Last year our marketing team was still really small so I was taking on a lot of different things. During the game days my job shifts a lot. I like to be there in the crowd engaging and interacting with our local community and making sure that they’re [having fun]. And it’s great ’cause they’re awesome people. We know all the regulars. They know us because our team was four people last year, so it’s really great to have that rapport. When I saw Hydration Man in the audience for the first time, I snagged him and I talked to him there, and that really helps establish that first relationship and be like “Hey, you seem super great and you’re a huge fan of the LA Gladiators. Why don’t you join this forum and we can pull you into our community?”
That’s what I like to do during the games, and then after the games we have interviews and media. I coordinate clearance for that as well.
It’s neat that you engage with fans of the team in the audience at Blizzard Arena.
Yeah. This year we also recently hired someone, an events manager, so I think she’ll be a really big part of that, helping us fill up that local audience and engaging with the audience, which is super exciting for me. I’ll still try my best to be out there, but it’s great that I don’t have to wear so many hats, ’cause there’s been times where I’m trying to do something and then people are texting me like “Joy, you have to go pick up [the team’s] props that they have from their walk-in,” and I’m like, “Oh no, and I sprint up to the front and grab their props as they come by.” It’s a lot of hats.
Do you think it’s important for women to be involved in all aspects of esports?
I think it’s super important. I don’t have the exact stats on the Overwatch League audience and how it’s split in terms of gender, but this fan base is already more diverse than that of traditional sports. I think the industry should reflect that as well. I think Nascar has the most female fans, then the NFL and NBA. But Overwatch League, if you’ve ever been to the arena, there’s a ton of diversity across fans—across race, age, gender. It’s really awesome. Part of that is because Blizzard’s done a really good job with Overwatch as a game and making it very diverse across representation.
It’s important for women to be involved in all aspects of esports. It’s super great that we have Susie [Kim, London Spitfire’s general manager] and and Kate [Mitchell, Washington Justice’s general manager], who are GMs in the Overwatch League. Things like this series that you’re doing help shed light on people behind-the-scenes, because there are so many other women who are aspiring to be in esports—like in the Women of Esports server. There are so many more opportunities besides just the visible ones that we have. There’s behind-the-scenes, like production, partnerships, and graphic design. Showing off this back-end stuff and being like, “Hey, these are other opportunities out there,” is really good for encouraging people.
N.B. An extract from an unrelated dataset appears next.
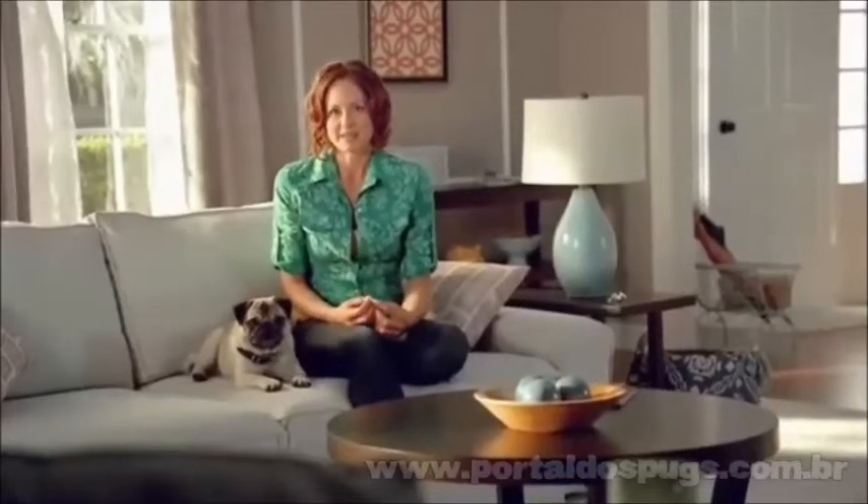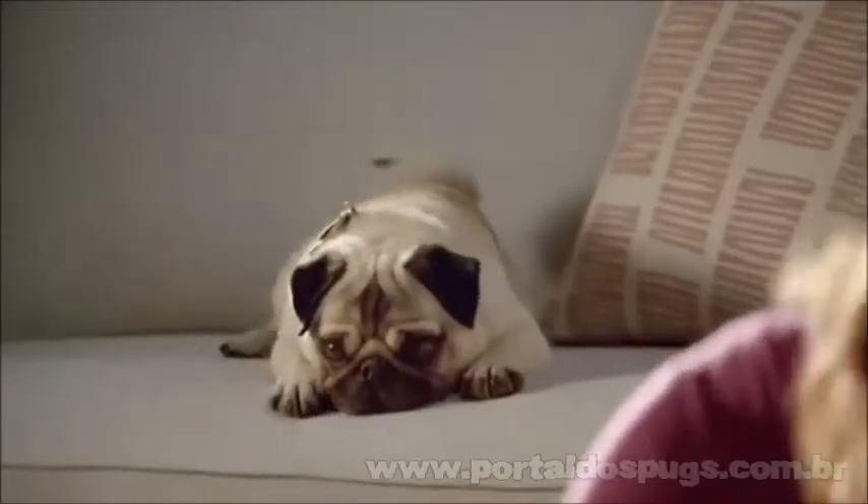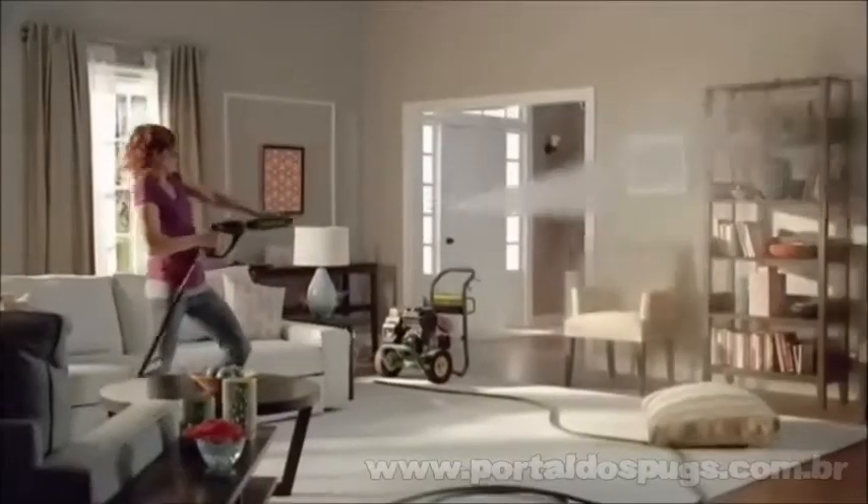Our Frankie leaves little surprises around the house. I spray and I rub and the stains still won't come out. So I tried something else. Fortunately, Bissell has a better way.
There’s a lot of focus on the lack of female pros.
And with female pros, yeah—we have one now. They’re working at it, I think. As it grows, we’ll see how the rate of gender disparity changes.
It’s the kind of thing where as more women get involved, it’s a visible thing—like, you could be a pro, too.
Yeah, I do appreciate that. I think the difference in esports versus traditional sports is that—I don’t know the official rules of the NBA—I feel like women can’t be in the NBA, because there’s the WNBA. There’s no rules against that in esports. There’s no limitations on that. If you’re good enough, you’re good enough.